:: SOURCE RECORDS
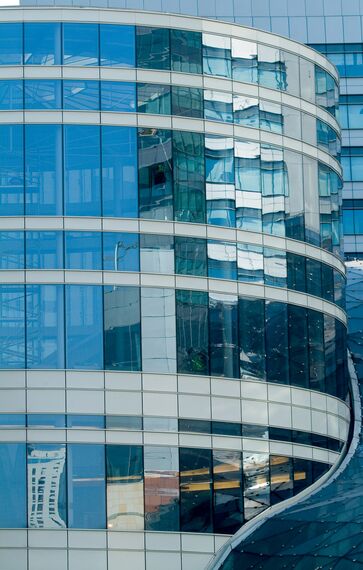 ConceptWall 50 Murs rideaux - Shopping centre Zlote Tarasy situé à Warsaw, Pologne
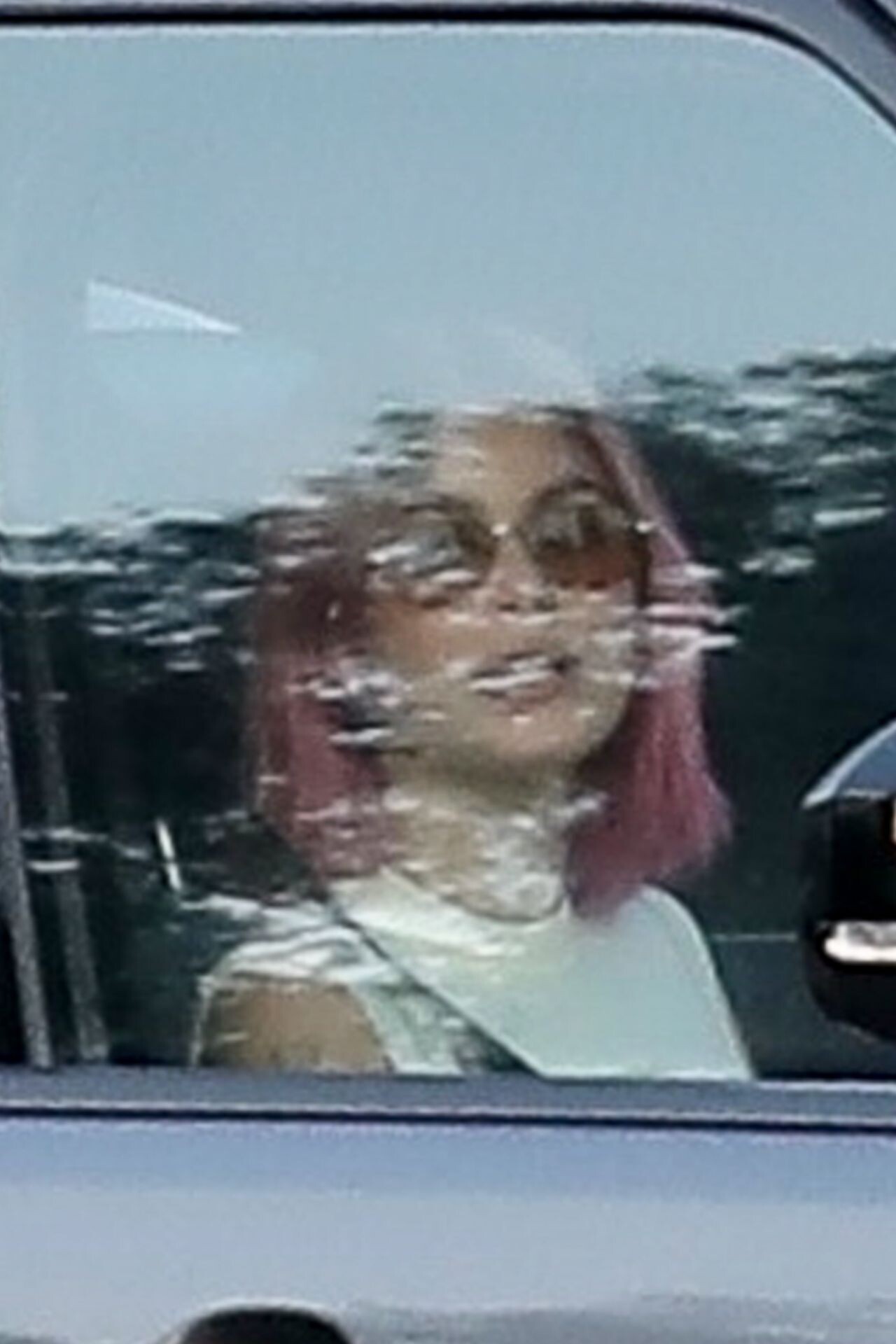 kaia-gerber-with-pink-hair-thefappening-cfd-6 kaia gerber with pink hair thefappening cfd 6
::::
:: SOURCE RECORDS
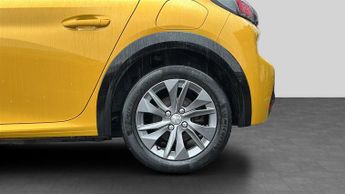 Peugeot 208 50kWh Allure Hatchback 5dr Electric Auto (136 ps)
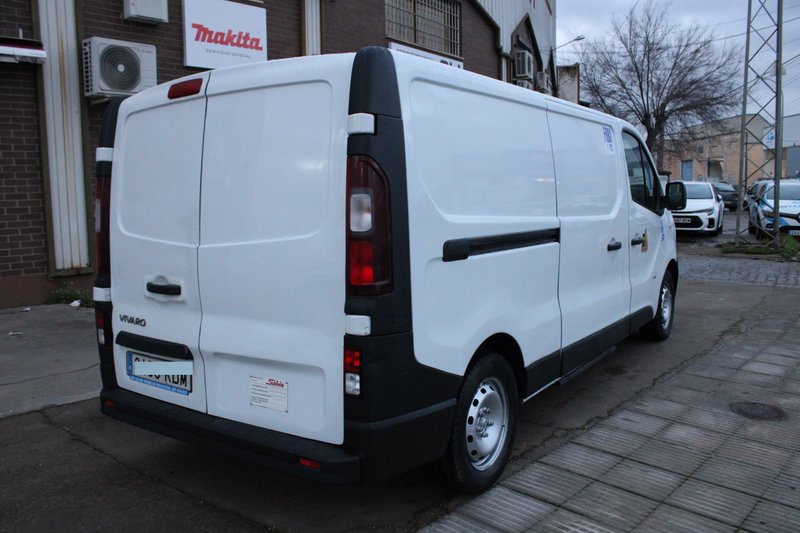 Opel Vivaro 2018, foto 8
::::
• [THE PROBLEM]
Look above for the line with "ConceptWall 50 Murs" and the line with "kaia-gerber-with-pink-hair-thefappening-cfd-6 kaia gerber", then copy them and all lines in between exactly as written, and only those, without any pictures.

• [YOUR RESPONSE]
 ConceptWall 50 Murs rideaux - Shopping centre Zlote Tarasy situé à Warsaw, Pologne
 kaia-gerber-with-pink-hair-thefappening-cfd-6 kaia gerber with pink hair thefappening cfd 6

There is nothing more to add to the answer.